What’s Being Built Underground

The site’s U1a complex, now rebranded as PULSE, is in the middle of a major upgrade to host next-generation radiography testbeds, including the Scorpius and ZEUS systems. According to the Nevada National Security Site, PULSE is the only facility in the nation where subcritical experiments using weapons-relevant quantities of plutonium can be carried out. The new tools are designed to give scientists higher-resolution, multi-pulse images of implosion physics, letting them peek inside nuclear devices without crossing the line into full detonations.

Rosen’s Message And Nevada’s History

Rosen’s tour doubled as a history lesson and a warning. She used the visit to remind Nevadans and federal officials that the state’s long testing history still casts a shadow over communities downwind of the old blasts. As reported by the Las Vegas Sun, she also led the Nevada delegation in sending a letter to the administration opposing any presidential directive to restart explosive testing. Her office points to earlier commitments from National Nuclear Security Administration nominees that there is no technical need to resume detonations. Rosen argued that the new diagnostic machines let scientists certify weapons with detailed data rather than live nuclear tests.

White House Signal, Administration Clarification

The testing fight burst back onto the scene in late 2025 after President Donald Trump directed the Pentagon to consider resuming nuclear tests. Reuters reported the move on Oct. 30, 2025, and the fallout was immediate.

Administration officials later tried to narrow expectations, saying the planned activities would not involve nuclear detonations. Energy Secretary Chris Wright told Fox News the work under discussion involved "system tests" and "noncritical explosions," not nuclear blasts, according to The Associated Press. That public back-and-forth over what exactly was on the table helped spur Rosen’s on-the-ground visit this week.

Why Rosen Says The Lab Makes Testing Unnecessary

Rosen has been making the same case in Washington that she made underground in Nevada. At a Senate Armed Services Committee hearing, she argued that the PULSE upgrades and their advanced radiography systems "will provide even greater certainty and data about performance of the U.S. nuclear stockpile." In her view, sophisticated modeling combined with subcritical experiments wipes out any technical justification for new detonations.

The committee transcript shows military witnesses acknowledging the powerful diagnostic capabilities at PULSE, while also warning that keeping the option to resume explosive testing would still require time and infrastructure. Rosen pushed back, urging continued investment in stewardship tools instead of gearing up for a potential test. The exchange is documented by U.S. Strategic Command.

What It Would Take To Restart Tests

Critics say that actually returning to explosive testing at the Nevada site would be a political minefield and a logistical marathon. They note it would require fresh approvals, infrastructure upgrades, environmental reviews and significant funding, a process that could drag on for years.

Nevada’s official position is not subtle.

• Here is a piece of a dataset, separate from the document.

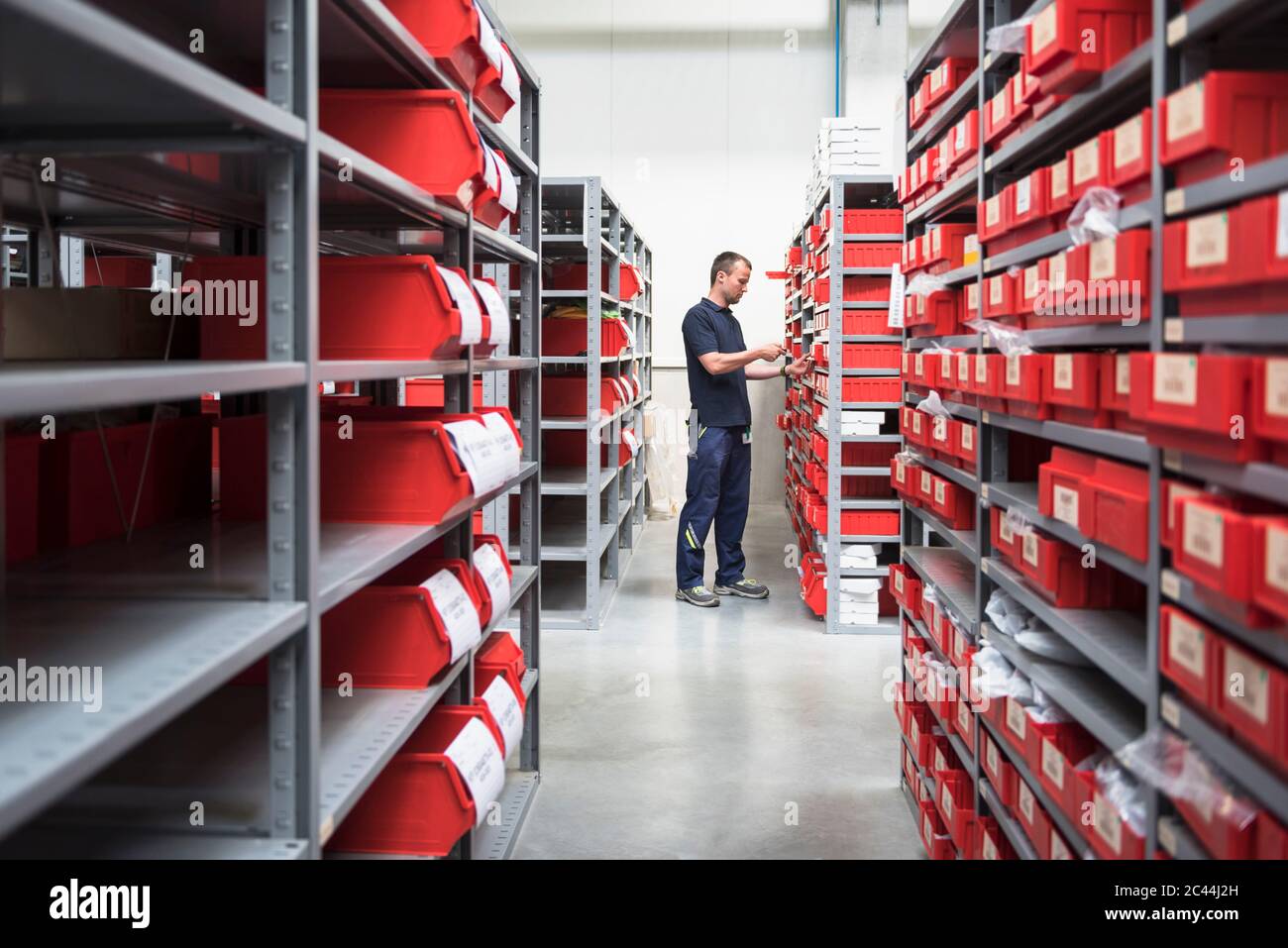 Uomo in magazzino di una fabbrica di scansione merci Foto Stock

In May 2025 the Nevada Legislature unanimously passed Assembly Joint Resolution 13, urging the federal government to maintain the testing moratorium and warning of health and economic risks, according to a summary from Nevadans Against Nuclear Weapons Testing. Local coverage and state officials often emphasize that the Nevada National Security Site sits about 65 miles northwest of Las Vegas and that decades of testing have left political and public-health scars across the state, per the Las Vegas Review-Journal.

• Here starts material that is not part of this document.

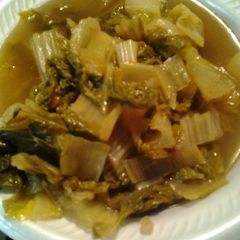 A picture of Bok Choy in a broth.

Rosen left the site vowing to keep Nevada’s voice front and center and to press her colleagues in Washington to block any move toward renewed detonations that she says would endanger communities and rattle U.S. allies. For now, the fight is likely to play out in Armed Services Committee hearings, letters from the Nevada delegation and continued scrutiny of NNSA projects that lawmakers like Rosen argue offer a safer, science-based path forward.